» ASSIGNMENT: Omitting the images, transcribe the records below exactly as they stand.

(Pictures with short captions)
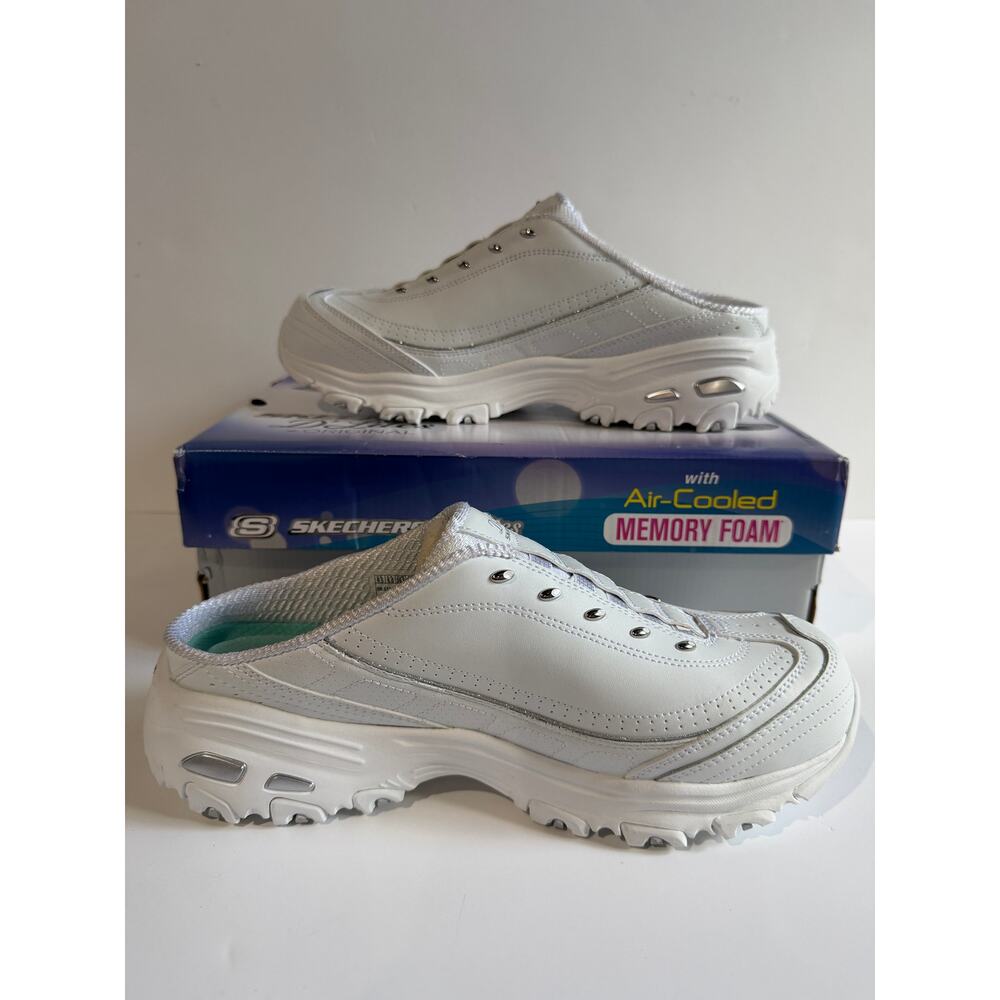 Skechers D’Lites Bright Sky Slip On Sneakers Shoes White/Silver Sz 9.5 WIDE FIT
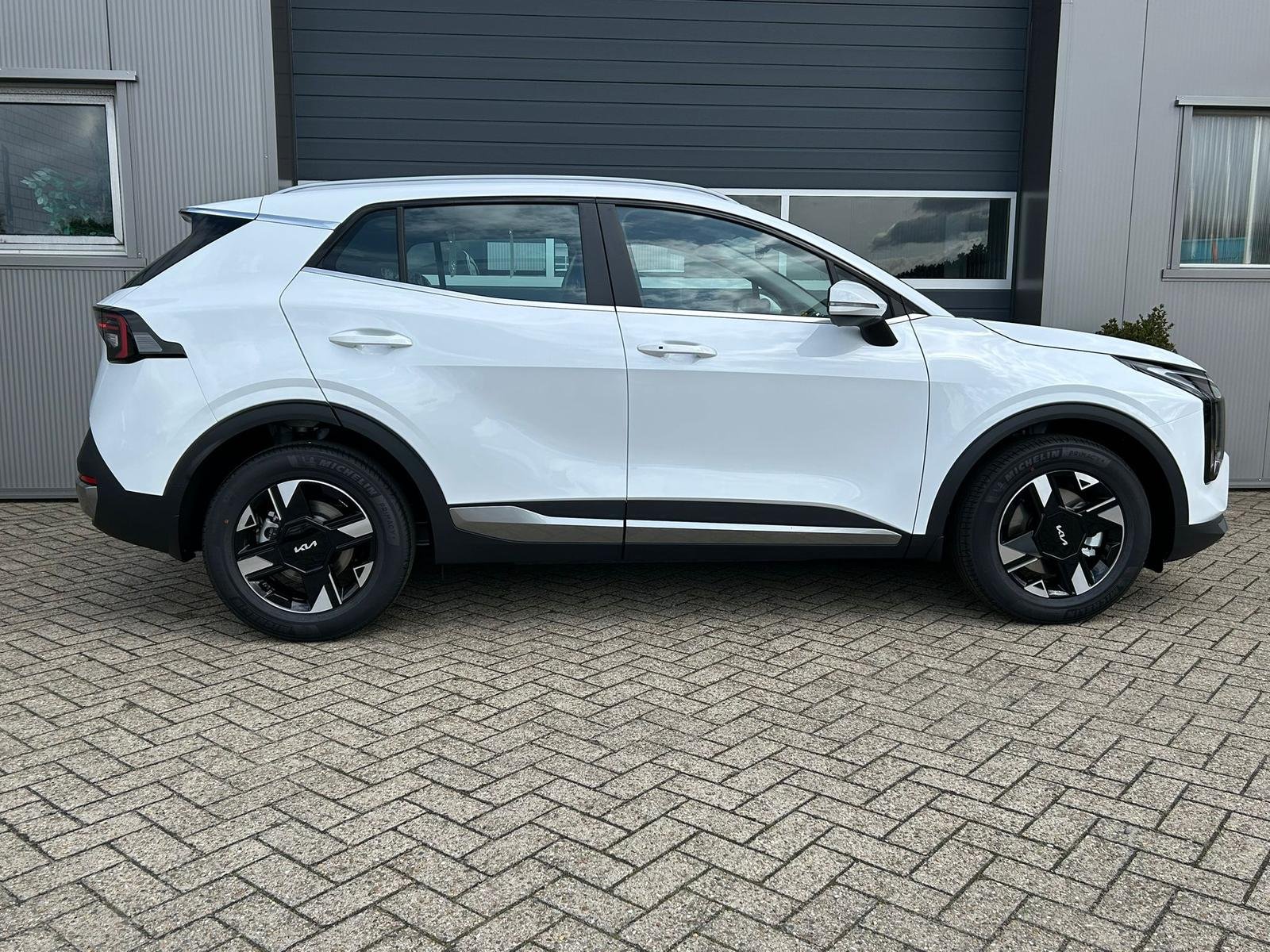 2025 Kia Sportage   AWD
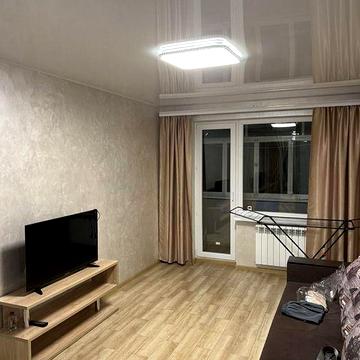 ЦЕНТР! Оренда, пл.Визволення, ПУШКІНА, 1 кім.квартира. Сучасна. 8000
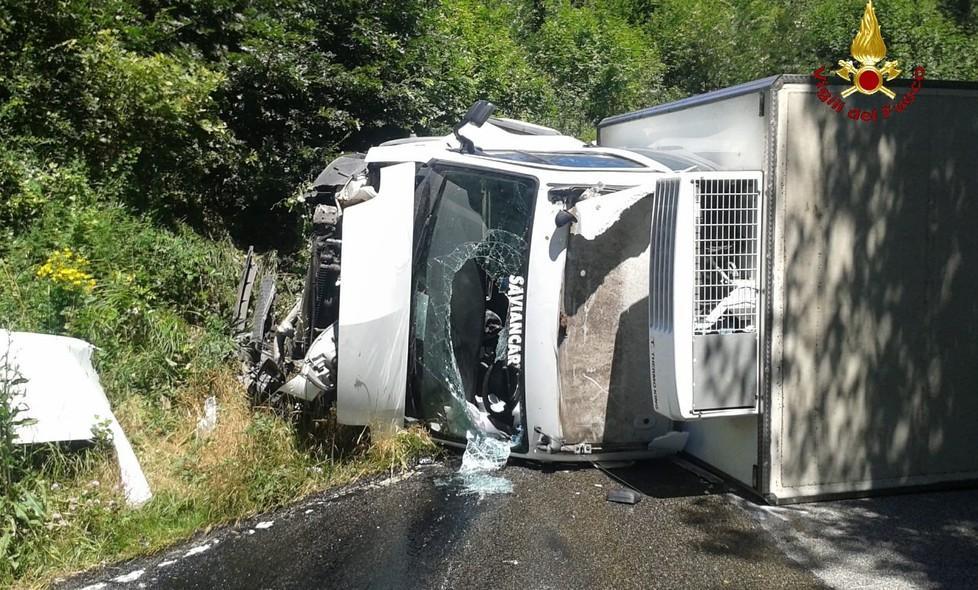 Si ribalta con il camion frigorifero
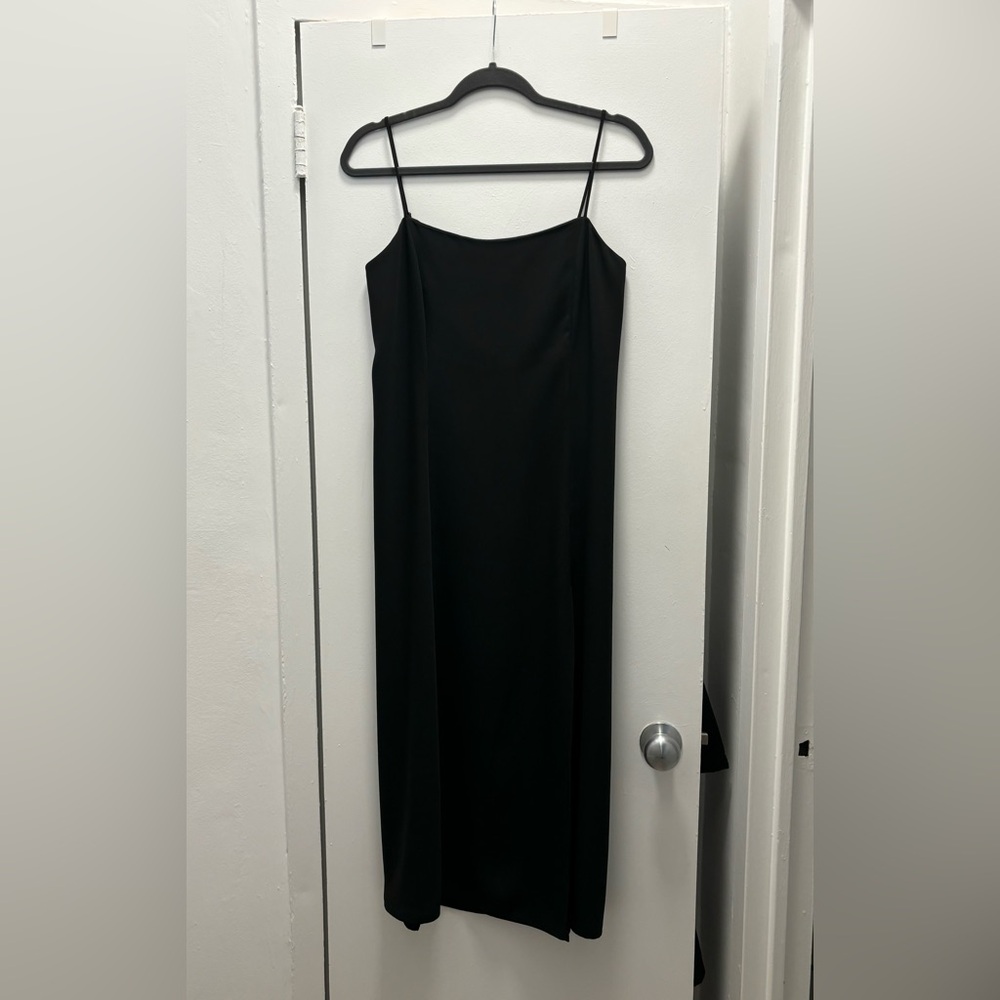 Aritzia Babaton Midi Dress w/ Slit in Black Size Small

» TASK RESPONSE:
 Skechers D’Lites Bright Sky Slip On Sneakers Shoes White/Silver Sz 9.5 WIDE FIT
 2025 Kia Sportage   AWD
 ЦЕНТР! Оренда, пл.Визволення, ПУШКІНА, 1 кім.квартира. Сучасна. 8000
 Si ribalta con il camion frigorifero
 Aritzia Babaton Midi Dress w/ Slit in Black Size Small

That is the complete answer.